"New York is probably, in this regard at least, the strangest city in the world, so many of its denizens living as they (we) do among the unreconstructed remnants of nineteenth-century sweatshops and tenements, the streets pot-holed and buckling while right over there, around the corner, is a Chanel boutique. We go shopping amid the rubble, like the world's richest, best-dressed refugees." ---Michael Cunningham,
By Nightfallspent a week and a half in america, visited nyc, ithaca, evanston and chicago. a last minute decision made out of irrational panic and parental support. it's funny actually seeing new york because it's always been this idea, this projection in my head. it takes on a life of its own in every novel i've read and film i've seen, and there is nothing that can begin to compare, not even london. it was, is, everything and nothing like i envisioned. the skyscrapers don't end, the poverty is alarming, and the sheer vibrancy is contagious. hung out with cat and spent some time catching up and doing stupid shit, glad to have a friend i know i'll keep. everything's surreal though; flying over the pacific to meet a couple of friends in new york city, eating pork buns at momofuku and strolling down central park.

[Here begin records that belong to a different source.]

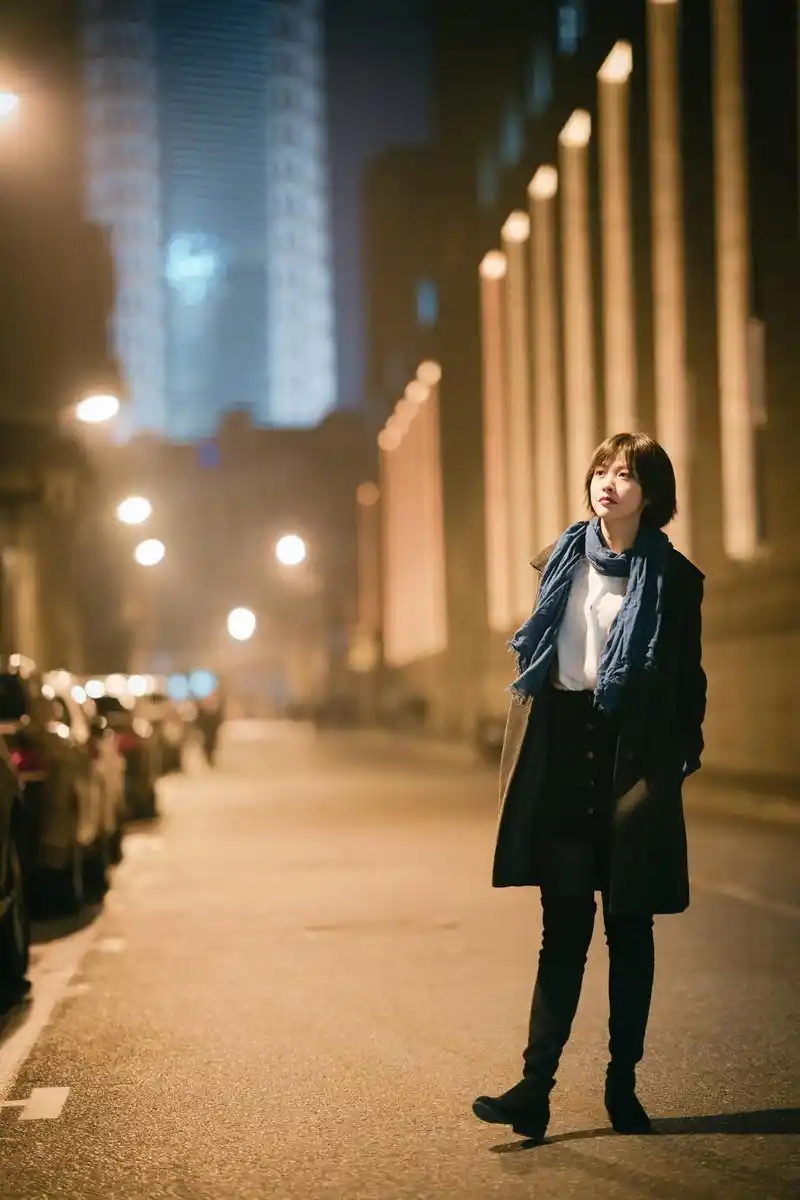 夜景人像摄影-行走在城市的街头,你是否为我停步逗留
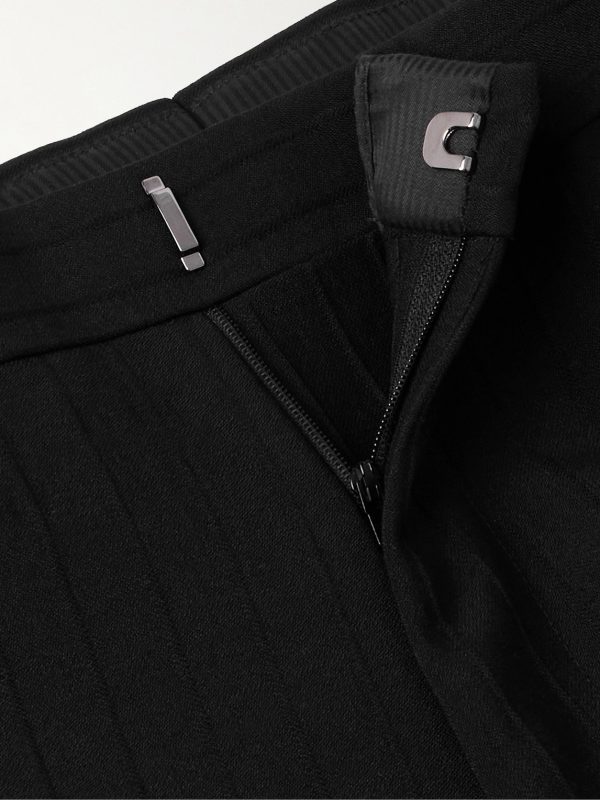 Straight-Leg Striped Mohair and Wool-Blend Trousers - E1 Straight-Leg Striped Mohair and Wool-Blend Trousers - E1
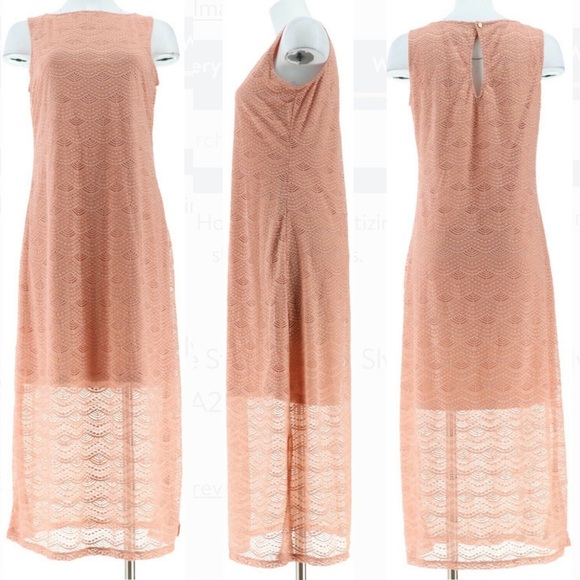 C. Wonder Dresses & Skirts - C. Wonder Dusty Rose Lace Overlay Sleeveless Dress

i know that visiting the colleges you've applied to isn't always possible, but if you can, you totally should. i never gave much thought to cornell throughout the (stressful) application process but i fell in love with the campus. there are waterfalls on the way to class! the people i met there were kind, gracious and...
not bland. i liked every campus i visited, but there's just something that clicks when you find the school that's right for you, and i believe everyone ends up where they're happy. if i get accepted into northwestern there'll be some pondering to do but i've read that it's better to go to the school that actually wanted you in the first place.
during lunch at nyu i was invited by a trucker dad to sit with him and his son because i looked pretty hapless carrying a tray of food with nowhere to go. he said, "i can see it in his eyes, he wants to go here. we'll find a way to make it work." so earnestly that my heart kind of broke a little. i need to buy an S350 for my dad if i'm able to wing it somehow.
so...life begins in august, biding my time now with hwachong and poker. i'm not sure how i'll feel on the day i have to compress my whole life into a suitcase or two but right now it seems like a final call for boarding. anything and anyone that can't make it i'm probably leaving behind.